Libre Asociación de Notarios Joaquín Costa
Potenciando la
Seguridad Jurídica
 
d.
CARTA A LOS ASOCIADOS < COMUNICADOS | www.joaquincosta.com
 
 
   
 

 PRIMERAS REACCIONES [12 de diciembre de 2008]

 

Por su indudable interés en estos momentos, publicamos la propuesta de Futuro Notarial para superar la inaceptable situación de exclusión y enfrentamiento creada por la carta de los once Decanos electos que puede verse en esta página bajo el título "Desilusión". Asimismo publicamos las respuestas que algunos compañeros han difundido a la citada carta.

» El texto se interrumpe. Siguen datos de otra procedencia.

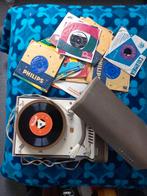 Platenspeler met paar singles, Ophalen of Verzenden, Gebruikt, Platenspeler, Philips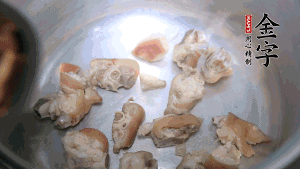 將汆燙好的豬蹄塊、蹄片 、筍段、姜片放入鍋中，放黃酒調(diào)味。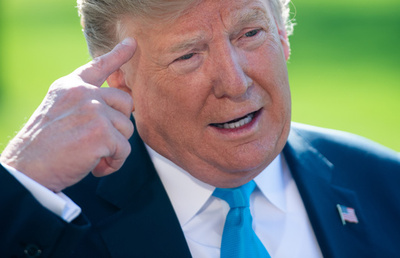 トランプ氏、ロシア疑惑捜査は「クーデター未遂」 非難強める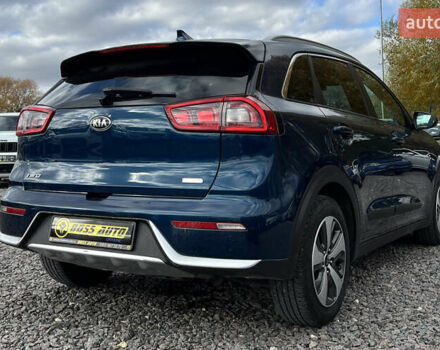 Синий Киа Niro, объемом двигателя 1.58 л и пробегом 91 тыс. км за 17650 $, фото 5 на Automoto.ua
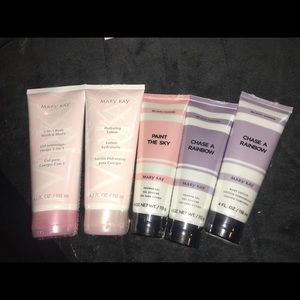Mary Kay Set: Shower Gel & Lotion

Propuesta de Futuro Notarial:

¿QUIÉN NO QUIERE LA UNIDAD DEL NOTARIADO?
El comunicado remitido a todos los notarios de España por once de los diecisiete Decanos electos en los últimos comicios constituye un grave e inexplicable error cometido en unos momentos en los que el objetivo común debía ser la unidad del Notariado para hacer frente a los grandes retos que el notariado tiene que encarar próximamente y, en especial, la anunciada 'Hoja de Ruta' en la que, presuntamente, se van revisar las bases de nuestro sistema de seguridad jurídica preventiva.
La decisión se ha tomado con exclusión absoluta de los Colegios de Aragón, Castilla-La Mancha, Castilla-León, Cataluña, La Rioja y Madrid, cuyos Decanos electos se han enterado del comunicado por el mismo envío masivo del que hemos sido destinatarios todos los notarios y sin que haya habido ningún contacto previo con ellos, hecho este último que, al parecer, ignoraban la mayoría de los firmantes del documento.
Dejar fuera de los órganos de gobierno del Notariado a los dos colegios con más peso político (Madrid y Cataluña) sin haber intentado contar con su participación debilitará enormemente la posición de nuestra corporación en unos momentos tan delicados como los que atravesamos y puede producir una quiebra irremediable en la pretendida unidad. Por si fuera poco se deja fuera del acuerdo a seis colegios que representan casi la mitad de los notarios en activo.
La propuesta que se ha conocido no es de unidad sino de división y, si prosperase, provocaría una fractura muy grave y difícil de soldar, pues escindiría al notariado prácticamente en dos mitades. Después de la última etapa que hay que superar, de desencuentros y enfrentamientos, el notariado no se puede permitir de ninguna manera seguir desangrándose cuatro años más por una herida que ahora no haría sino agrandarse.
Además la extemporaneidad de la declaración es evidente pues el sentido común y el reglamento de régimen interior del Consejo determinan que la elección de los cargos se producirá en la sesión constitutiva de este órgano y previa exposición del programa de actuación por los posibles candidatos; Concluir el escrito con el llamamiento a la unidad que contiene el último párrafo del comunicado es una auténtica burla al efectuarse en el mismo texto en que se prescinde de la mitad del colectivo dando un golpe de mano letal para el futuro del notariado.
Desde FUTURO NOTARIAL hacemos una llamada a la sensatez y a la unidad, especialmente en un momento crucial para la profesión como es el presente. Dadas las circunstancias y considerando la situación como de auténtica emergencia es imprescindible un gobierno de unidad que sólo puede lograrse, dada la situación creada por el comunicado, con la aplicación de criterios objetivos. Por ello proponemos que el Consejo General del Notariado esté gobernado por los cuatro mayores colegios y por el más reducido en número de colegiados, en este último caso para que esté presente la voz de los colegios de menores dimensiones.
De esta forma estaría presidido por el Colegio con mayor número de colegiados (Cataluña, 557 notarios), ostentando la vicepresidencia el segundo colegio más numeroso (Andalucía, 551), formando parte de la comisión permanente, además, los otros tres (Madrid, 382 , Valencia, 382 y La Rioja, 26).
Constituido así el Consejo estará garantizada la presencia de la mayoría del Notariado en su órgano más importante y las resoluciones serán fruto del debate siempre enriquecedor.
Es el momento de demostrar quién está por la unidad y quien no.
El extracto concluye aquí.